I have no ide where is the problem.

I re emerged wpa_Supplicant, and recompiled the kernel. 

My wpa_supplicant.conf

ctrl_interface=/var/run/wpa_supplicant

update_config=1

network={

        key_mgmt=NONE

        priority=-9999999

        disabled=1

}

network={

        ssid="ssid"

        psk="********"

        proto=RSN

        key_mgmt=WPA-PSK

        pairwise=TKIP

}

These config files were woking on previous version of gentoo. Everything messed up when i installed gentoo from new livecd 2007.0.

When i run wpa_supplicant manually (wpa_supplicant -Dwext -dd -t -K -ieth2 -c/etc/wpa_supplicant/wpa_supplicant.conf)

it looks like it does not find any access points, like the wireless card is dead. But i have dual boot configuration, and on windows xp everything is working fine!

Best regards

----------

## blitz303

 *miduchp wrote:*   

> Hello
> 
> I have a problem with wireless network configuration. I have kernel 2.6.20, compiled driver ipw2200 as a kernel module.

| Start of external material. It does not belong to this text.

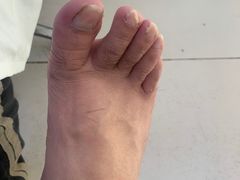 -新甲连锁灰指甲·甲沟炎·鸡眼(黑龙江路店)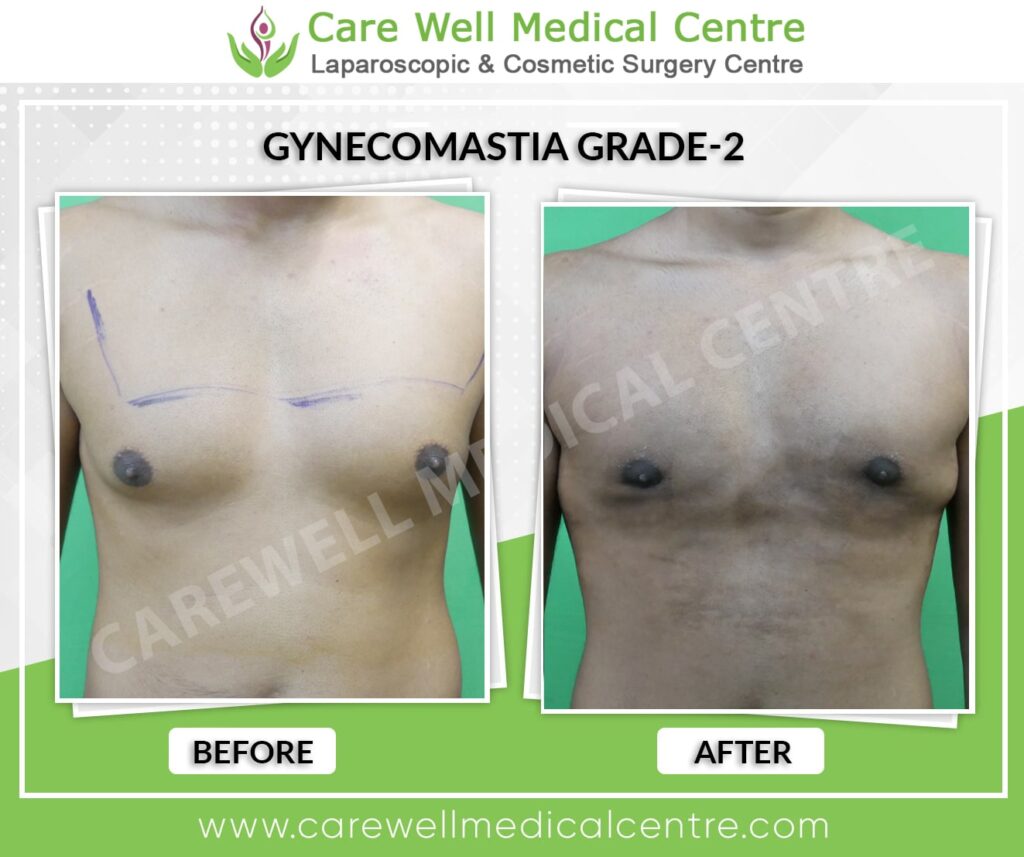 Best Gynecomastia Surgery in Delhi Before and After Results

On the beggining there was a problem with connecting to access point, but on the nex day i got following error:
> 
>  /etc/init.d/net.eth2 restart
> ...

 

First of all, the card isn't necessarily dead if you can't find any access points.

Obviously:

Make sure you have ipw2200 loaded (dmesg |grep ipw2200) but I doubt that's the problem.  Make sure that the psk and all the variables are correct.  

The init scripts use iwconfig by default last time I checked, so you'll have to make sure you've configured them to use wpa_supplicant.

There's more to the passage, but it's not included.